Former Packet reporter Mike Truscott remembers the days of the Penryn firefighter's fan club.

I see there's a plan for North Yorkshire and Cornwall's fire services to share control rooms at busy times.

This bizarre move throws up intriguing possibilities. “Yer wot, luv? Yer 'ouse is burnin' down where - Perranar-wotyersay?”

But it also makes me recall a time when life was so much simpler - when local knowledge was just about everything, and when Penryn's firefighters had a little fan club.

I'm talking late 1950s, when this boy was already displaying promising news hound tendencies. He discovered the Penryn fire siren, wailing away as it used to do up by Penryn train station.

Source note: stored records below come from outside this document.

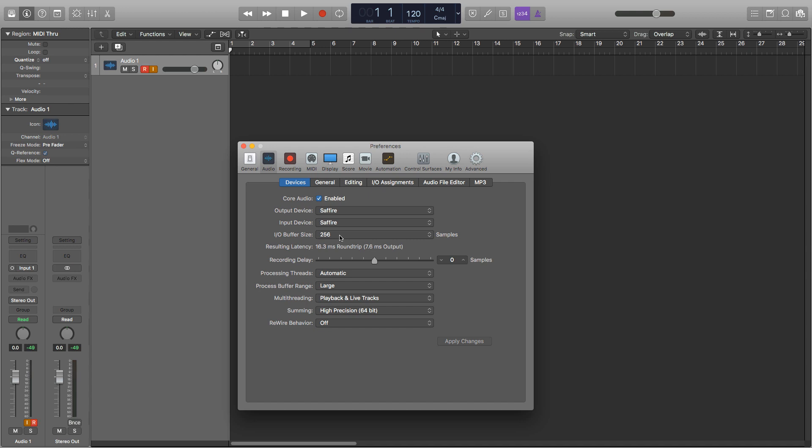The reason they cause latency, or why latency occurs in the first place, is because for each extra component you have running in Logic the processor has to work around that first, so the signal may take longer to register. If the processor only has to work with the audio signal coming in with no plugins or any extras, it'll do it fine.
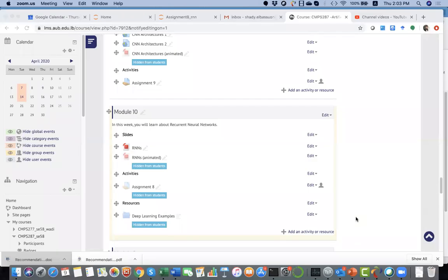Today we're going to talk about recurrent neural networks, which are related to neural networks.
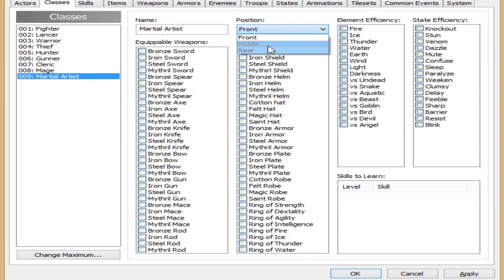If you select the middle, it's kind of mediumly easy, if that makes sense, for the enemies to pick that character to attack. Whichever character has this class, and if it's in the rear,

Yours Truly assembled a gang of fellow eight- and nine-year-olds who would swing into action whenever the town's retained firemen were summoned to duty.

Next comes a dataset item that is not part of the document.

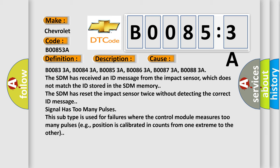The SDM has reset the impact sensor twice without detecting the correct ID message. Signal has too many pulses.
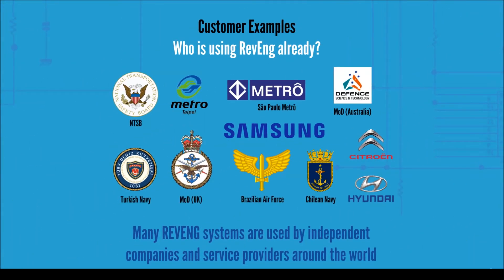Who is using Revenge already? Apart from large government and military organizations across the globe, private manufacturers and independent repair companies have all been benefiting from schematics generated with the invaluable help of Revenge.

The gang would hurtle down St Gluvias Street. The first to reach the fire station (sadly no more) on Commercial Road would climb onto the window ledge, peer inside and read the words being chalked onto the blackboard beside the permanent prefix “Fire at...”

I can still see Fireman Les Burge writing the location of the fire, as he took the details phoned through from Truro headquarters.

Les and most of his colleagues put up with us happily enough, but I can vividly recall a thunderous look of disapproval on the face of the local fire chief, the late Roy Curgenven, as he bemoaned our presence yet again.

Such dissuasion notwithstanding, there then followed another hectic sprint to the scene of the fire - with, just occasionally, the little blighters even arriving there first and waiting patiently for the fire engine to follow.

Ah well, at least we were getting exercise and witnessing drama for real. Computer games belonged to the future.